William G. Tapply
St. Martin’s, Oct 2008, $24.95
Boston based attorney Brady Coyne is taken aback when Alexandria Shaw enters his office. They were once lovers, but they had not seen one another in seven years. Alexandra asks Brady to represent her brother photojournalist Gus Shaw in his divorce. Brady agrees to meet with Gus; who suffers from post traumatic stress disorder following a harrowing experience in Iraq in which he lost his hand. He also says at that time they will decide if he should be his lawyer.
They talk and in spite of knowing Gus will prove to be at best a difficult withdrawn client, Brady agrees to handle the divorce. However, soon afterward, Gus is dead in what looks like a suicide. Alexandria refuses to accept her sibling killed himself; she believes he may have been depressed but would not have taken his life. Reluctantly and questioning his motive for acquiescing, Brady agrees to investigate though he is believes he will only affirm the official ruling.

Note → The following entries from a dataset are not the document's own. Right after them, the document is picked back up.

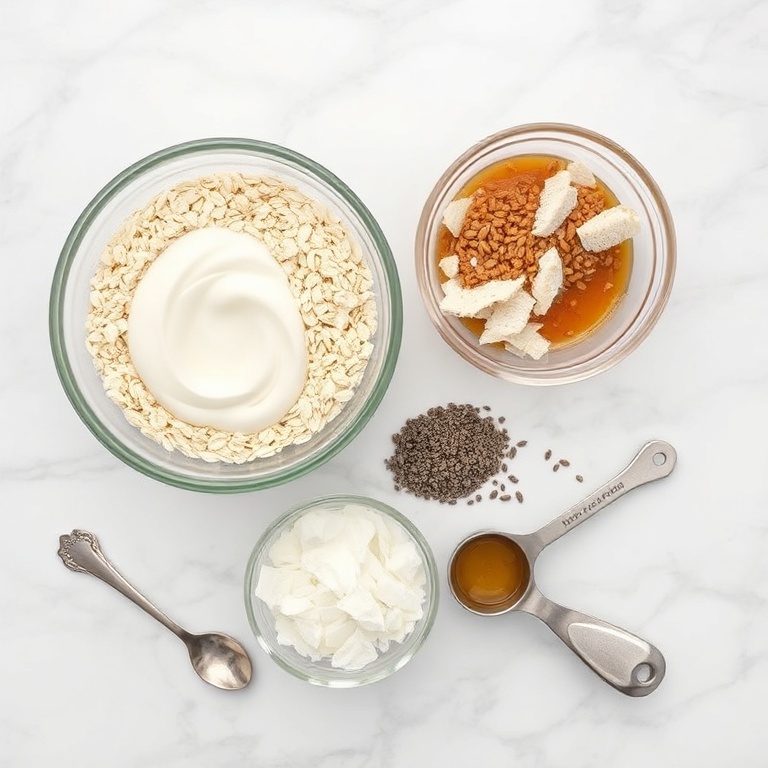 Raw ingredients for coconut cream overnight oats: oats, coconut milk, coconut flakes, chia seeds, and a splash of maple syrup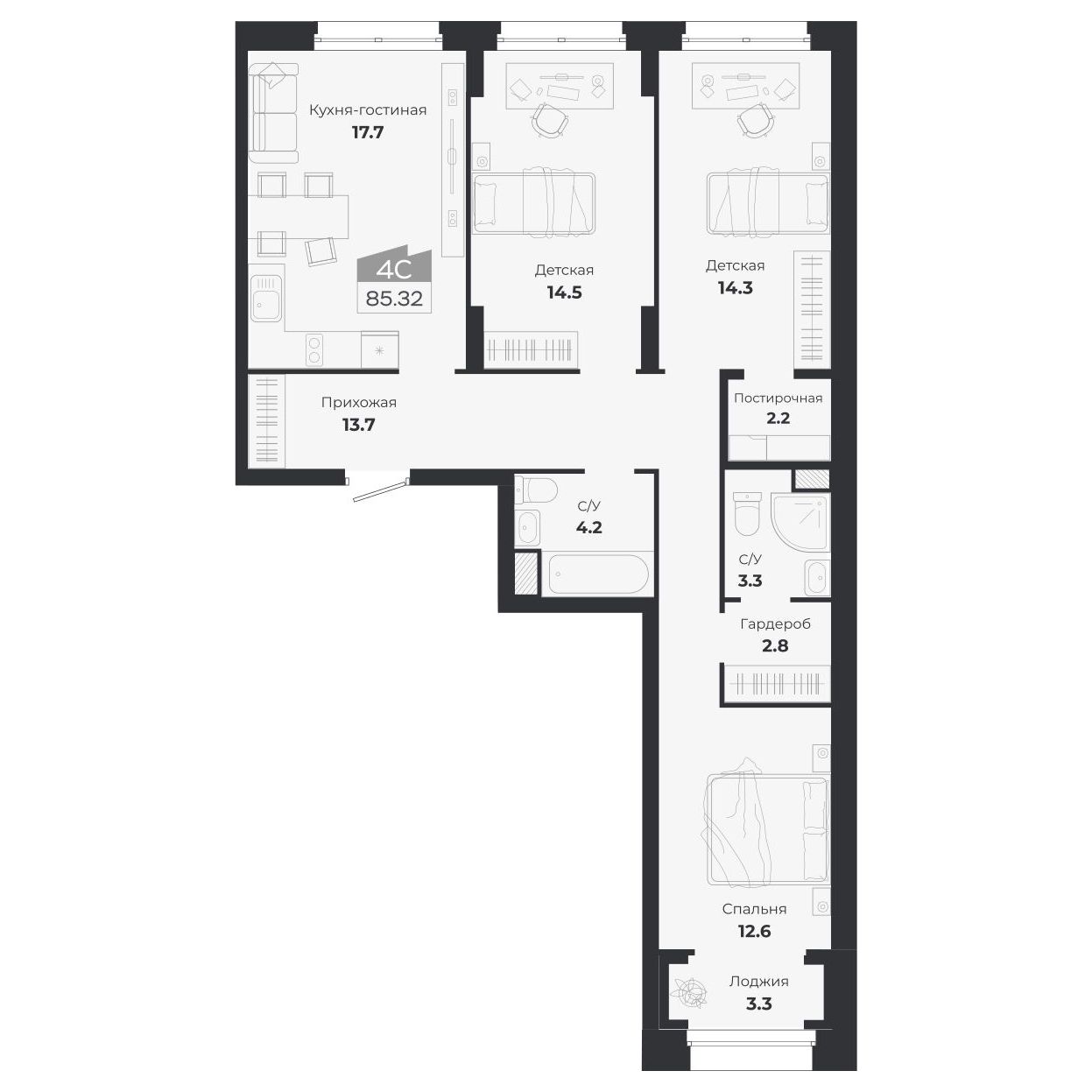4-комнатная, 88.55 м², № 338 в Ясный берег-город у воды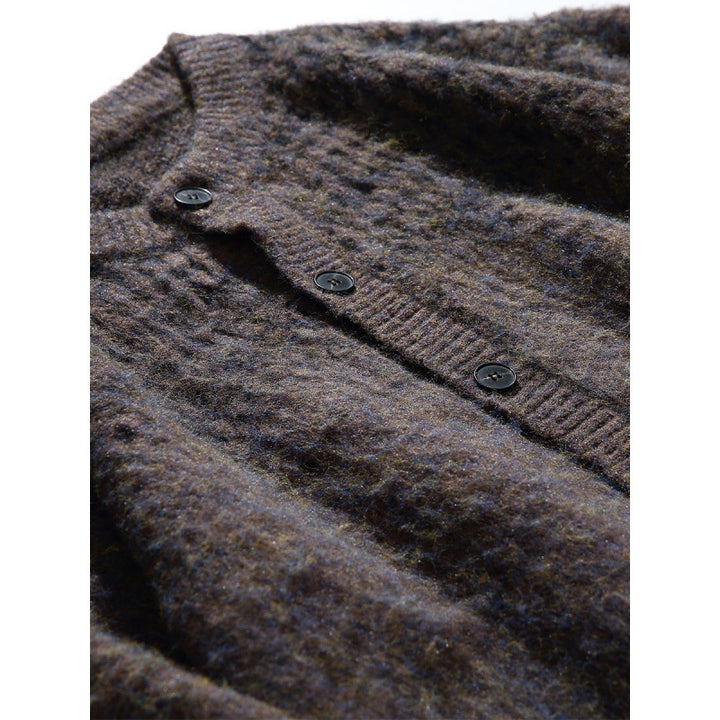 Damen Grobgestrickte Oversize-Strickjacke in Mohair‑Optik mit Rundhalsausschnitt und Knopfleiste Drune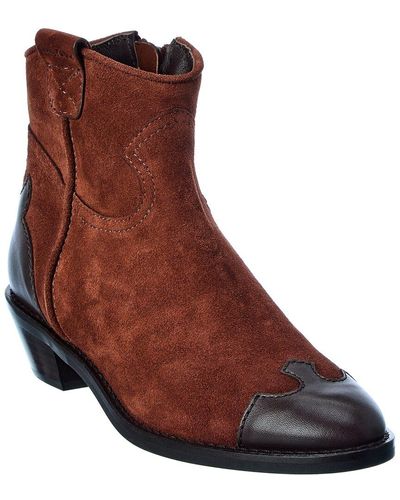 See By Chloé See By Chloe Suede & Leather Bootie - Brown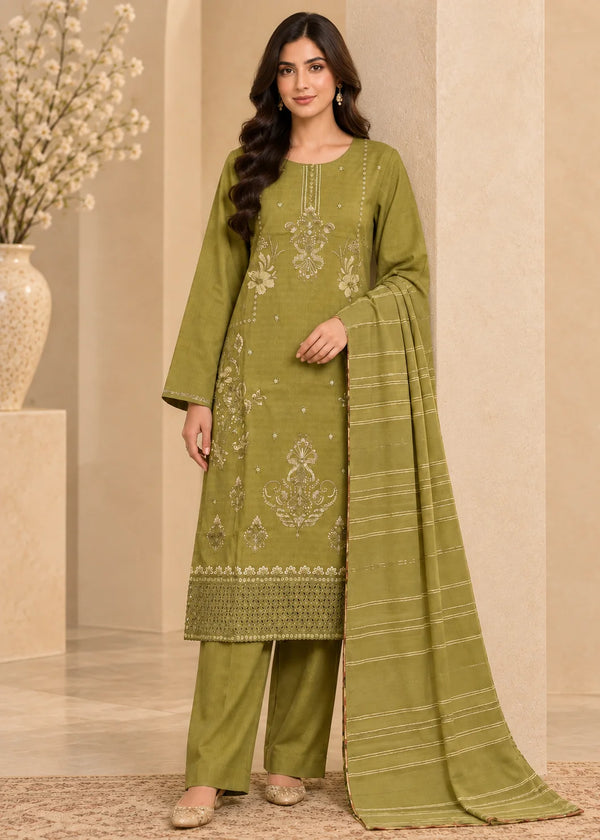 Olive Green Embroidered Cotton Kurta Set with Dupatta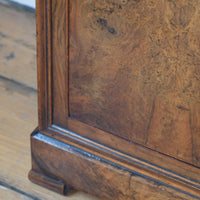 Burr Walnut & Marble Bedside Cabinet Raised On Short Feet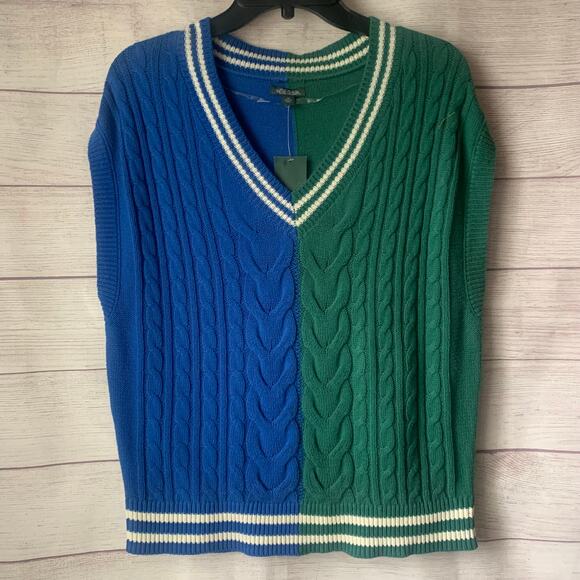 Wild Fable Blue and Green Sweater Vest Oversized Sleeveless V-Neck XS Fits Large - Picture 1 of 11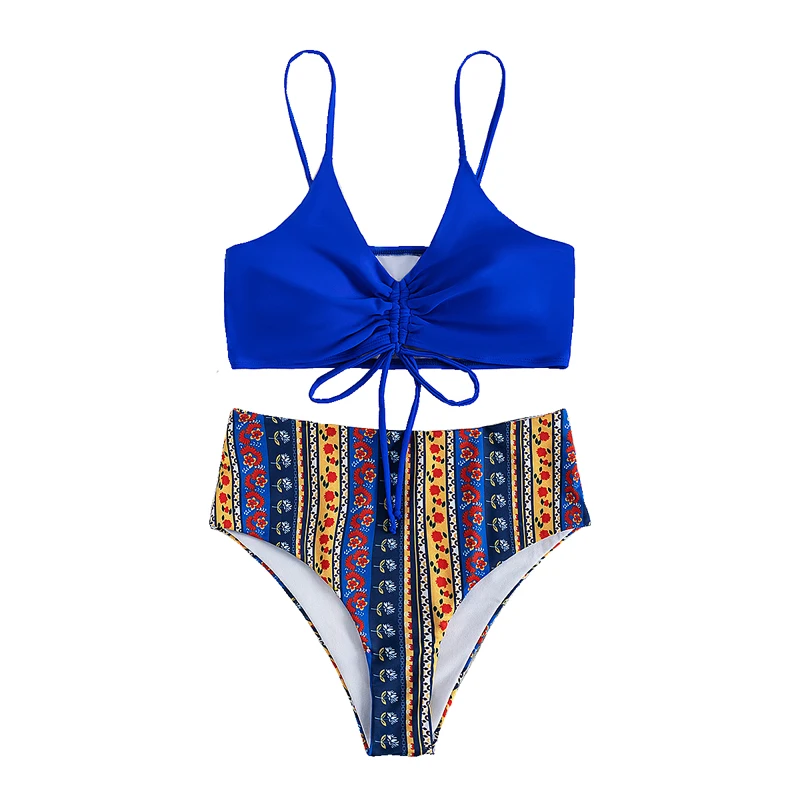 

Vintage High Waist Bikinis Female String Biquini Fashion Swimsuit Women'S Beach Swim Swimwear Bandeau Push Up Bikini Set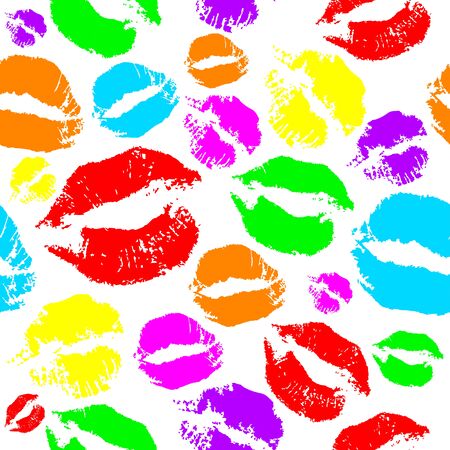 Woman lips pattern on white backgroundのイラスト素材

Although similar to ONE-WAY TICKET as HELL BENT is more an investigative tale than a legal thriller especially after Gus dies, fans of Coyne will enjoy this strong regional mystery. The investigation into whether Gus was murdered or committed suicide is well done although somewhat obvious. However, Coyne’s inquiry is incredibly illuminating on the impact of the Iraq war on family members of the military. The deep look into those struggling with grief and in some cases sudden poverty while not always coping with deaths that hiding the flag draped coffin from the media does not hide it from the loved ones. Others must deal with physical or mentally hurt soldiers who left healthy and upbeat and return in pain both physical and mental.. Well written and entertaining, William G. Tapply showcases the hidden cost of the Iraq War that those who claim to support the soldier prefer to ignore.